In their hometown of Notasulga, Alabama, Lucy is a daughter of a well-to-do farmer, while John's family lives “over-the-creek.” She excels in the classroom, while he has mastered the arts of the vernacular culture. After marrying Lucy, John decides to move the family to Florida, where his preaching wins him respect and status. But John's philandering costs him that respect and he almost loses his pastorate, until Lucy advises him how to win it back. He does, but resentful of her help, he soon is caught in the same sin. After Lucy dies, he remarries quickly and unwisely. The novel ends when John, married a third time, is killed when his car is hit by a train, the image the novel associates with him.

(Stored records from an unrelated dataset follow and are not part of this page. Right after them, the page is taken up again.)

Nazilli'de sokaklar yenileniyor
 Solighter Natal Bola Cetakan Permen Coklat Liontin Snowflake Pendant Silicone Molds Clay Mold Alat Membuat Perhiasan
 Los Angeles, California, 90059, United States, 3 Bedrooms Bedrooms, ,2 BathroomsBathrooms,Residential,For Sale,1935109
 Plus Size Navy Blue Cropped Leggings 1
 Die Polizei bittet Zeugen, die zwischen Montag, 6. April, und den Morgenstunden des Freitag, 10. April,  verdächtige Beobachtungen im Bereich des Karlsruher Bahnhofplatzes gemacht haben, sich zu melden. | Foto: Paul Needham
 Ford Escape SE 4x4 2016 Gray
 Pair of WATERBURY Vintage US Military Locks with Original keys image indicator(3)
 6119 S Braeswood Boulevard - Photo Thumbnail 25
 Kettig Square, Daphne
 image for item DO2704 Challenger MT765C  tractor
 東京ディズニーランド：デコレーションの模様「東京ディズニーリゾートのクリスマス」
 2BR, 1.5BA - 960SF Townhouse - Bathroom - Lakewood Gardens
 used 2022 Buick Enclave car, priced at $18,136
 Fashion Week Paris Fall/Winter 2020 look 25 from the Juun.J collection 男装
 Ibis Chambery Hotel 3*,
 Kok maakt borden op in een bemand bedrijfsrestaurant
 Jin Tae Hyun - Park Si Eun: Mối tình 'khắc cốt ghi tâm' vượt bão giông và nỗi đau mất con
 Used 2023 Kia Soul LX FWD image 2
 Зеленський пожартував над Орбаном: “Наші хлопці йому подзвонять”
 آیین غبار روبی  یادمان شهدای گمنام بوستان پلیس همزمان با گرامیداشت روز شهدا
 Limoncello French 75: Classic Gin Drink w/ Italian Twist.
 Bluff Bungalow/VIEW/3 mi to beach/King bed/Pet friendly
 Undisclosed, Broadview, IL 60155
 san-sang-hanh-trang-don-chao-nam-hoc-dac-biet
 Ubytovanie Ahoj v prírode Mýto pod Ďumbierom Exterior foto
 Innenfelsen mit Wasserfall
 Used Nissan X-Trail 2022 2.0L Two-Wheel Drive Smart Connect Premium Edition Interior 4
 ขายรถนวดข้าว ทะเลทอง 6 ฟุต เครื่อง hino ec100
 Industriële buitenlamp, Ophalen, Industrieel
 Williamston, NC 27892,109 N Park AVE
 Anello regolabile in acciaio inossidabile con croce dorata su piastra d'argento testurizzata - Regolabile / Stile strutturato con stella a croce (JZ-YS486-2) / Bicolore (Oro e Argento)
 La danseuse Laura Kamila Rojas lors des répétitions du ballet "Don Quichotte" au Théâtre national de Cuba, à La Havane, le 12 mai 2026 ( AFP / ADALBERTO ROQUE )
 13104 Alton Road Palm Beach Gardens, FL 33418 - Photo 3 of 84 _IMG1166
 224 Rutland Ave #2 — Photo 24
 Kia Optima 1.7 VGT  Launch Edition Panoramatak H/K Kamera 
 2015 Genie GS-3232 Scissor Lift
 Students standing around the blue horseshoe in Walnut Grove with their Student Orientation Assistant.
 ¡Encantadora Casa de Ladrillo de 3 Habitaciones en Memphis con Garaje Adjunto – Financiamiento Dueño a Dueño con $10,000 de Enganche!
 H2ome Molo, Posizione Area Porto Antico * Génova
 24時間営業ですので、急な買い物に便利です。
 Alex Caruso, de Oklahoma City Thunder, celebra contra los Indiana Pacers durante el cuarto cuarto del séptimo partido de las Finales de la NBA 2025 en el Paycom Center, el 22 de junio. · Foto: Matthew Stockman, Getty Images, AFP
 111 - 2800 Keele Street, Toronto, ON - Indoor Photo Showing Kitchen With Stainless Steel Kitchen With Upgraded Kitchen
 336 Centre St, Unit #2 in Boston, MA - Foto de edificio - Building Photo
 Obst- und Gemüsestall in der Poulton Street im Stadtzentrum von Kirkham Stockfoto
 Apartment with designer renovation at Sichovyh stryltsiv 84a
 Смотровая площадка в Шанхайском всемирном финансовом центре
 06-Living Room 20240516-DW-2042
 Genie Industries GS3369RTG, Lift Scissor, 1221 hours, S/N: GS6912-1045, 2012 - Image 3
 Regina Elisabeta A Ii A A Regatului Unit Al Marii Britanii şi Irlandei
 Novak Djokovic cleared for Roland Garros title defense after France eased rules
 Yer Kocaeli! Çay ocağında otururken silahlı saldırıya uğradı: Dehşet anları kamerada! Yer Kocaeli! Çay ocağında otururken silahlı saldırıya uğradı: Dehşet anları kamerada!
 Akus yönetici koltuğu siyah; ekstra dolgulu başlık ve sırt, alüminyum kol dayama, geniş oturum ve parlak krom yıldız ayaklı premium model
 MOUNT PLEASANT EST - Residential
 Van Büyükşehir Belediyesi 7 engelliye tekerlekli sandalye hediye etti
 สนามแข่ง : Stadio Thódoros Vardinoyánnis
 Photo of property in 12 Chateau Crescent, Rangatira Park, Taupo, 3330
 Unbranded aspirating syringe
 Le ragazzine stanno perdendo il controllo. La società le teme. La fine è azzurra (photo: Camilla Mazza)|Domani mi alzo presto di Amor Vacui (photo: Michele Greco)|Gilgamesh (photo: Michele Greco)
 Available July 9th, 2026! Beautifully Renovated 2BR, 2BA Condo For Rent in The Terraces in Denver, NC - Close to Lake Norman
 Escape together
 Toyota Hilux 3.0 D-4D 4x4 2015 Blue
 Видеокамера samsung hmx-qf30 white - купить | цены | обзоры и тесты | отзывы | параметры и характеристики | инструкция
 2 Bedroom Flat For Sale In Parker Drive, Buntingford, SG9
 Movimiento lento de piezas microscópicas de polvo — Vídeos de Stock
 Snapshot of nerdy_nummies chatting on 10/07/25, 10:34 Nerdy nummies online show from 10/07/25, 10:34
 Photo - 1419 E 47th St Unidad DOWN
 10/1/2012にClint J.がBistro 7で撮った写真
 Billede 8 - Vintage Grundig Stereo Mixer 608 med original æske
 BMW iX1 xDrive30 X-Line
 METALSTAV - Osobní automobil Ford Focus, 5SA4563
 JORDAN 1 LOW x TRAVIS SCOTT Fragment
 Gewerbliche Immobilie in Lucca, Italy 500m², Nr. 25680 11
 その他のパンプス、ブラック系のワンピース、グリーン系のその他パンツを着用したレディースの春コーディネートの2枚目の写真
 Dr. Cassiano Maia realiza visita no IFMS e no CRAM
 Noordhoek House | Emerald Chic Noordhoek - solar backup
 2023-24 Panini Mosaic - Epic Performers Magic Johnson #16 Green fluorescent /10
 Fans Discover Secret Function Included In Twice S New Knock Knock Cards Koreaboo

As Hurston confided to fellow writer James Weldon Johnson, her protagonist represents the love of eloquence and beauty that she believed was pervasive among African Americans. But John was to represent more: in the pulpit “he becomes the voice of the spirit.” As is true throughout Hurston's fiction, the spirit invoked in the novel fuses Christian theology and African belief, imaged here as the drum. Yet the novel never adequately explores the reasons John, the gifted preacher-poet, repeatedly contravenes the dictates of the spirit and misreads his own metaphors.
Lucy is also unable to achieve an identity between word and deed, even though she possesses the insight that her husband lacks. In a passage echoed in the maternal deathbed scene in Hurston's autobiography, Dust Tracks on a Road (1942), Lucy Pearson warns her daughter, “Don't you love nobody better'n you do yo'self. Do you'll be dying befo' yo' time is out.” Loving John too much, Lucy has acquiesced in her own suppression. At her death, she remains on the threshold of self-discovery.
Jonah brims with the lore Hurston had spent six intensive years collecting. Some critics argue that the folk materials overwhelm the narrative. But others assert that Jonah is an experimental novel that dramatizes Hurston's theories of African American culture, particularly its African retentions and the primacy of spirituality.